Thursday, April 22, 2010
Today, I realized that I hadn't posted a new story in two months, and as the schoolteachers in the region held a strike day, there was a free, but jam-packed-with-stuff-to-do day on the agenda and I thought, well, it would be a good time to revisit these pages! Instead of focusing on one particular event, I'd like to go ahead and show you some of the highlights of my busy, but very blessed, life here in Romania Peace Corps. After 11 months in the country, the language comes with everyday ease, the activities are piling up for the record books, and the rewards that come with volunteering are too endless to count.

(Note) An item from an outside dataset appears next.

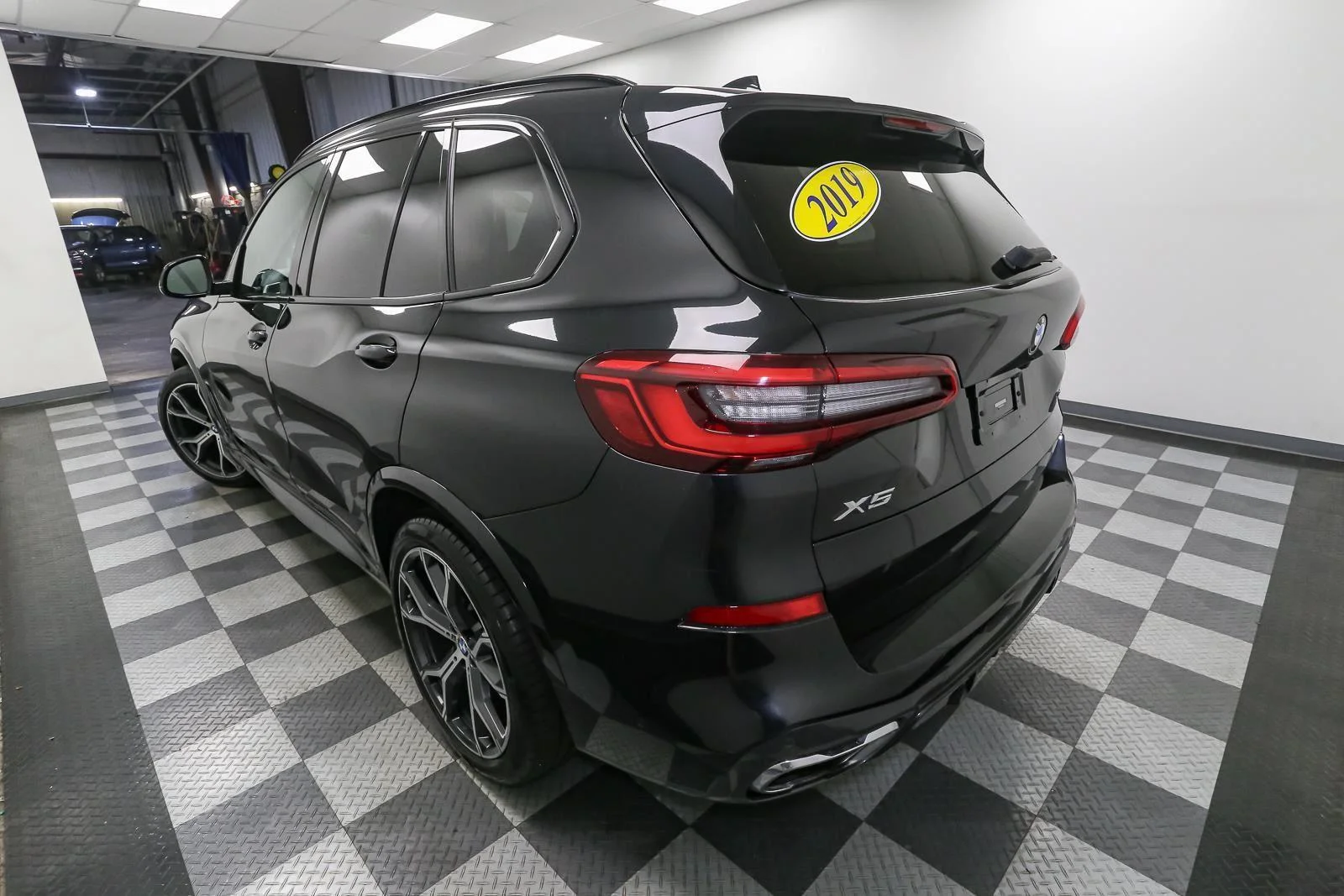 Used 2019 Black Sapphire Metallic BMW xDrive50i image 9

I've been in contact with two soon-to-be volunteer trainees, one from the heart of the midwest, where some of my family lives, and one from my much loved college back in Charleston, SC, who will be coming here to experience some of what Romania has given to me. I am very happy for them and can't wait to meet them face to face to spend time being their own personal tour guide and mentor as the anniversary of my first year here approaches. They ask me all of the time what my "typical" day looks like and things like how much to pack and what do I do in my free time. Well, girls, the answers lie below, and they are anything but typical. As for the packing, it'll drive you crazy until you get here and you realize that not only can you do without most of it because you can eventually get it here, but, except for the most needed personal mementos and essential favorites, it's okay to leave the country and merge straight ahead and not look back. You'll find a new world here and for a time, it will be your only love. And lastly, the free time thing...well, free it's not, unless you don't want to be a living, breathing, and dedicated member of your new community that has a big heart which will be filled by each Romanian personal experience you will have.
And now for the news:
March came in like a lamb with a beautiful sunny day at church followed by a lovely family dinner with new friends. The sun was shining and the snow still lingered on the mountaintops. I brought home fresh eggs, and milk which they insisted I have, and then spent some time in the barnyard with the new arrivals. During the week, I was gifted by a huge amount of Martisore, those little tokens of love that appear every March 1st until March 8th according to the Romanian holiday calendar. Then, on the tail end of that, International Women's Day brought out the singers and dancers and the flowers that brightened my home here with every color of spring.
My amazingly precious granddaughter turned six back in the US and it was more than a bit sad to be so far away, but she loves her Nanny just as much as I love her and so for now, the happiness and the growing on both our parts is shared by old fashioned mail and modern technology. It's not perfect, but when I joined the Peace Corps I had to go with it, like it or not.
As the month of March progressed, there were Teatime Conversation classes, one focused on the culture of China as I revisited one of my former teaching destinations, and one fun class with a costumed and balloon festooned book party in the wonderland of Alice. There were some International Cooking with English classes. My favorite, Italian, was a smashing success. In a following class we celebrated the fruitful season by coloring eggs with natural dyes and learning how to make everything from over-easy to omelets.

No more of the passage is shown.